(The data)
:::::

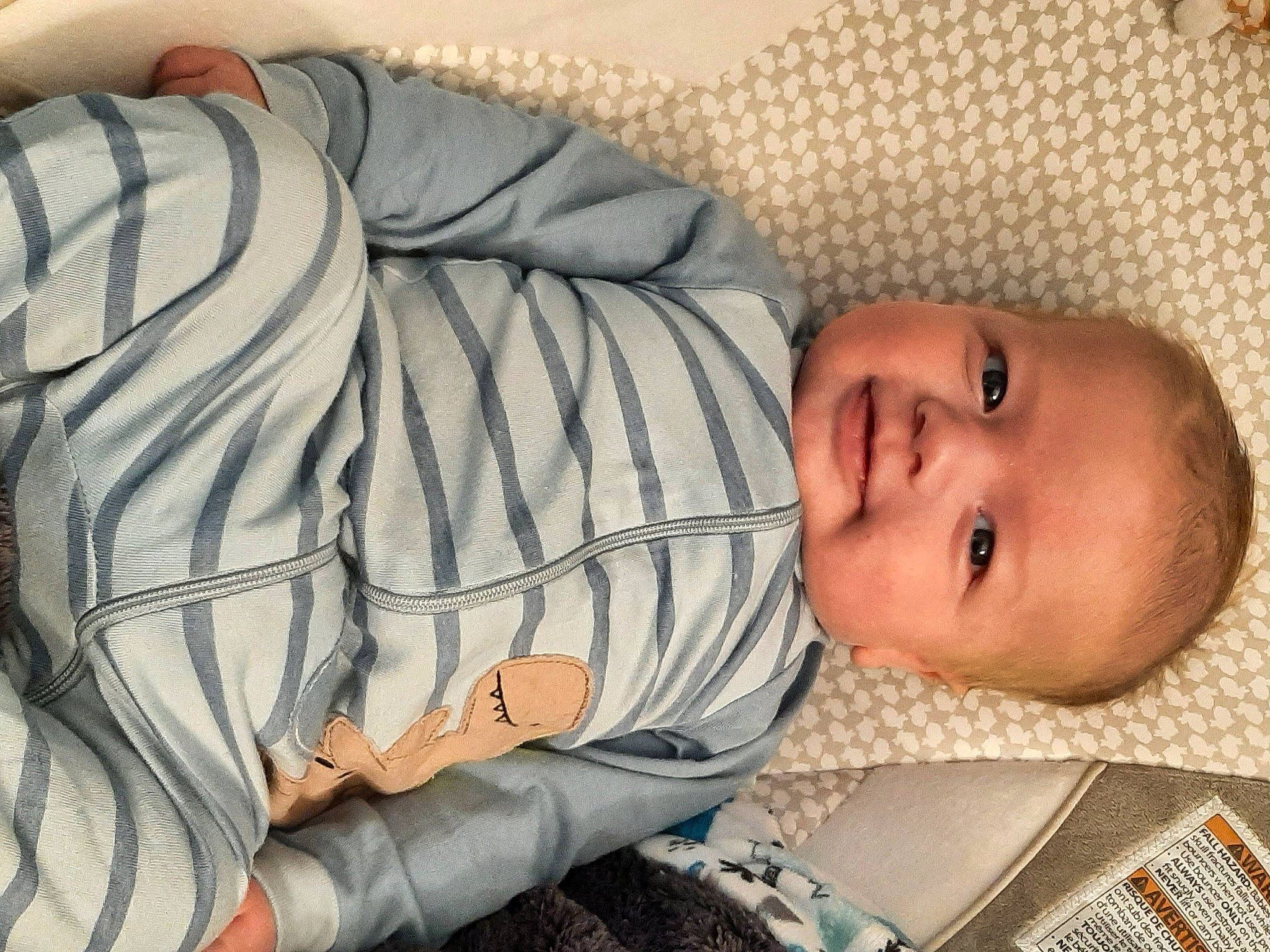 Otto joined the competition — help win amazing prizes! baby, baby_products, baby_toddler_clothing, cheek, child, chin, comfort, eye, hand, iris, linens, mammal, nose, pattern, person, room, skin, sleep, sleeve, smile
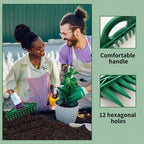 Plant dibber with 12-hole template – Easy even seed sowing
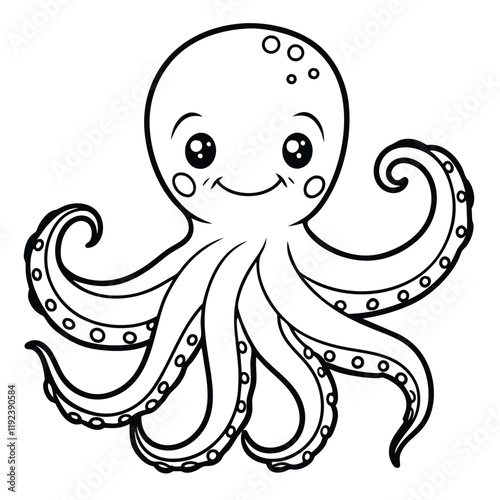  octopus  simple outline icon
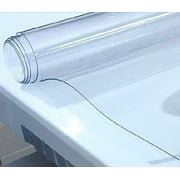 Soft Glass Solid Transparent Waterproof PVC Protector/PVC Pad for Desk, Table, Lab Bench, Marble, Wood Floor Sofa Glass DIY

:::::

Set down exactly, from the line that contains "simple outline icon" through the last line of the data, each line as it stands, and leave the pictures out.

(Exercise answer)
  octopus  simple outline icon
 Soft Glass Solid Transparent Waterproof PVC Protector/PVC Pad for Desk, Table, Lab Bench, Marble, Wood Floor Sofa Glass DIY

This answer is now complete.